Now, we can use the formula mentioned in the analysis to calculate the height of the 1-iodododecane column. \(height = \frac{density_{substance} \times atmospheric\_pressure}{density_{mercury} \times pressure_{substance}}\) \(height = \frac{1.20 \, g/mL \times 99884.778\, Pa}{13.6 \, g/mL \times 99884.778\, Pa}\) Since the pressure of 1-iodododecane is equal to the atmospheric pressure, we can cancel out the pressure values in the equation: \(height = \frac{1.20 \, g/mL}{13.6 \, g/mL}\)

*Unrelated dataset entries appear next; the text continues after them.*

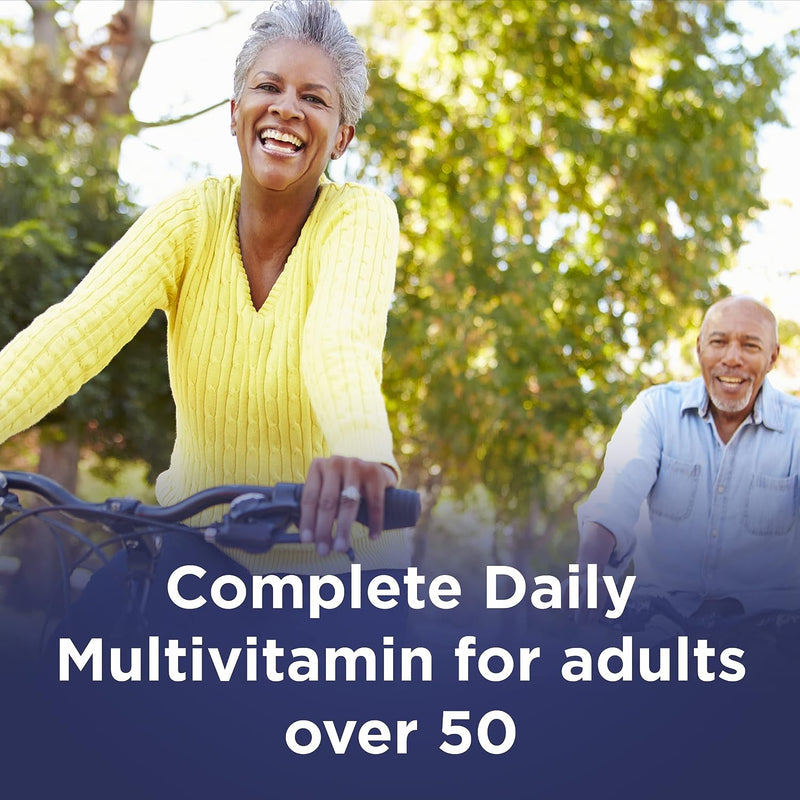 Centrum Advance 50+ Multivitamin & Mineral Tablets, 24 essential nutrients including Vitamin D, Complete Multivitamin Tablets, 100 tablets - LSF Dermal Fillers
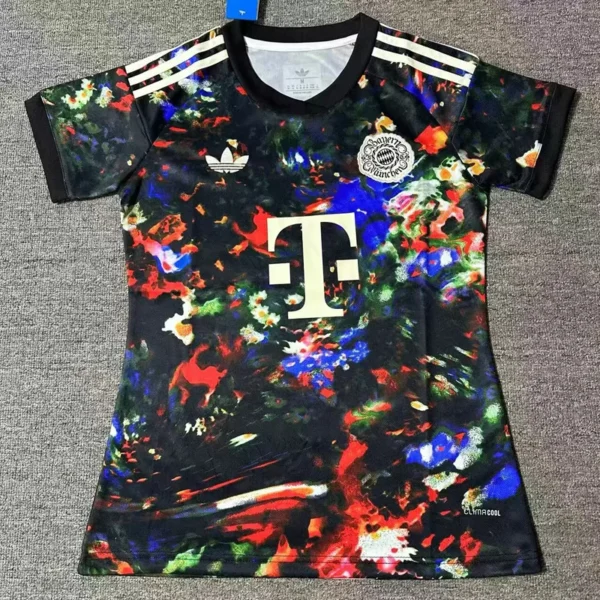 Bayern Munich 2026/27 Women Jersey Fan Version - Front View Bayern Munich 2026/27 Women Jersey Fan Version - Front View | KFCOOL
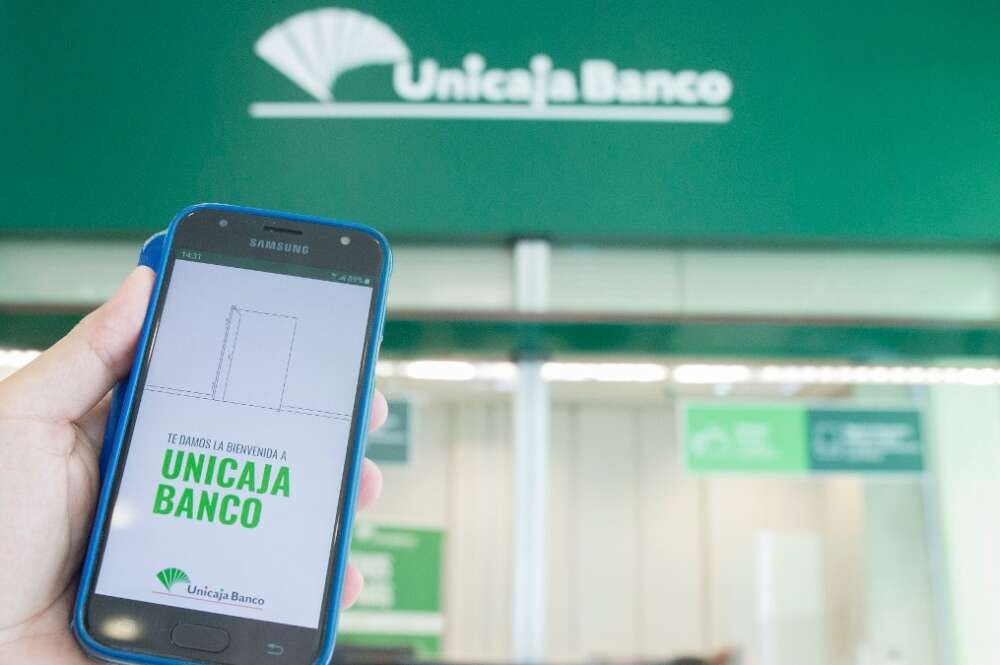 Una sucursal de Unicaja Banco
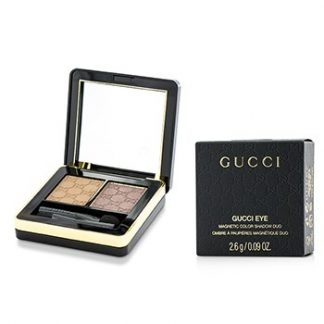 GUCCI MAGNETIC COLOR SHADOW DUO - #010 ARISTOCRATIC 2.6G/0.09OZ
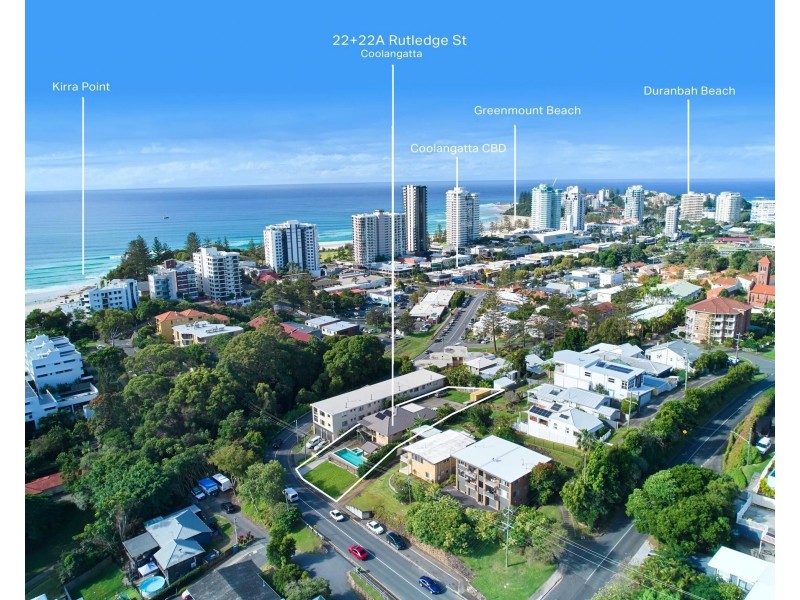 22 & 22a Rutledge Street, Coolangatta QLD 4225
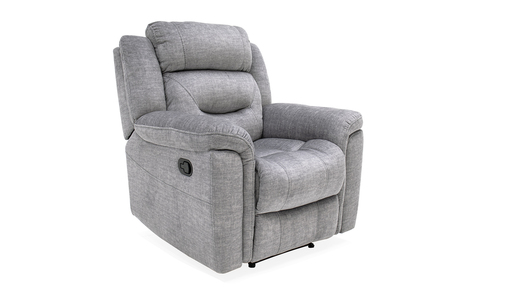 Dud-311-GY 1 Seater Recliner - Grey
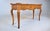 Vintage French Country Pine Writing Desk With Glass Top, 1990s, Usa For Sale - Image 10 of 14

Now, we simply solve for the height of the 1-iodododecane column: \(height = \frac{1.20}{13.6}\) \(height = 0.0882\) Since the result is in a dimensionless format, we need to multiply it by the height of the mercury column at standard atmospheric pressure (760 mmHg) to get the height of the 1-iodododecane column in millimeters: \(height_{iodododecane} = height \times 760\, mmHg\) \(height_{iodododecane} = 0.0882 \times 760\) \(height_{iodododecane} = 67.032\,mm\) We can approximate the height of the 1-iodododecane column to be approximately 67.0 millimeters when the atmospheric pressure is 749 torr.